Segment Start: Data under study

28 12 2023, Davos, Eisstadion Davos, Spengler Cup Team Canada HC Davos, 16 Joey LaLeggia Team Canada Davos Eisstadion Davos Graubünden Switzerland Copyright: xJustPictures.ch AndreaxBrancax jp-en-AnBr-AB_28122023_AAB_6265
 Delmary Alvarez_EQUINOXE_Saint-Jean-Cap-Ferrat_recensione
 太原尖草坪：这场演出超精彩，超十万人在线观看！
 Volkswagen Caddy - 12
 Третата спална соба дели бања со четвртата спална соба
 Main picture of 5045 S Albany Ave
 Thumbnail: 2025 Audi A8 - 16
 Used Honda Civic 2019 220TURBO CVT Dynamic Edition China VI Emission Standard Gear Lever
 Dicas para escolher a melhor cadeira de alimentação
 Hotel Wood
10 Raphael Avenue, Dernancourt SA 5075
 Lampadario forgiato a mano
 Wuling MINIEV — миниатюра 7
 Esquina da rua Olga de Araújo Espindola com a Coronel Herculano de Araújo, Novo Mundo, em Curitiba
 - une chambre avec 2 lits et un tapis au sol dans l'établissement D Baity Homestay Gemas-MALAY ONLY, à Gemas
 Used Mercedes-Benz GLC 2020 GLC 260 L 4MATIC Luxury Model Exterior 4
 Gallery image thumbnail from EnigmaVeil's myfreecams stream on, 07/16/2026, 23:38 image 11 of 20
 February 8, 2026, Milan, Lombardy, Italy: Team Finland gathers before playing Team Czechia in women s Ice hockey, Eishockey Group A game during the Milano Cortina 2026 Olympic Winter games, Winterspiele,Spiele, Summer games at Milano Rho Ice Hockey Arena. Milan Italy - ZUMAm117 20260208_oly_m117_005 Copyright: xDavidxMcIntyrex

Segment End: Data under study

_What to do:_ Take each record above and return it verbatim.

_Output of the exercise:_
28 12 2023, Davos, Eisstadion Davos, Spengler Cup Team Canada HC Davos, 16 Joey LaLeggia Team Canada Davos Eisstadion Davos Graubünden Switzerland Copyright: xJustPictures.ch AndreaxBrancax jp-en-AnBr-AB_28122023_AAB_6265
 Delmary Alvarez_EQUINOXE_Saint-Jean-Cap-Ferrat_recensione
 太原尖草坪：这场演出超精彩，超十万人在线观看！
 Volkswagen Caddy - 12
 Третата спална соба дели бања со четвртата спална соба
 Main picture of 5045 S Albany Ave
 Thumbnail: 2025 Audi A8 - 16
 Used Honda Civic 2019 220TURBO CVT Dynamic Edition China VI Emission Standard Gear Lever
 Dicas para escolher a melhor cadeira de alimentação
 Hotel Wood
10 Raphael Avenue, Dernancourt SA 5075
 Lampadario forgiato a mano
 Wuling MINIEV — миниатюра 7
 Esquina da rua Olga de Araújo Espindola com a Coronel Herculano de Araújo, Novo Mundo, em Curitiba
 - une chambre avec 2 lits et un tapis au sol dans l'établissement D Baity Homestay Gemas-MALAY ONLY, à Gemas
 Used Mercedes-Benz GLC 2020 GLC 260 L 4MATIC Luxury Model Exterior 4
 Gallery image thumbnail from EnigmaVeil's myfreecams stream on, 07/16/2026, 23:38 image 11 of 20
 February 8, 2026, Milan, Lombardy, Italy: Team Finland gathers before playing Team Czechia in women s Ice hockey, Eishockey Group A game during the Milano Cortina 2026 Olympic Winter games, Winterspiele,Spiele, Summer games at Milano Rho Ice Hockey Arena. Milan Italy - ZUMAm117 20260208_oly_m117_005 Copyright: xDavidxMcIntyrex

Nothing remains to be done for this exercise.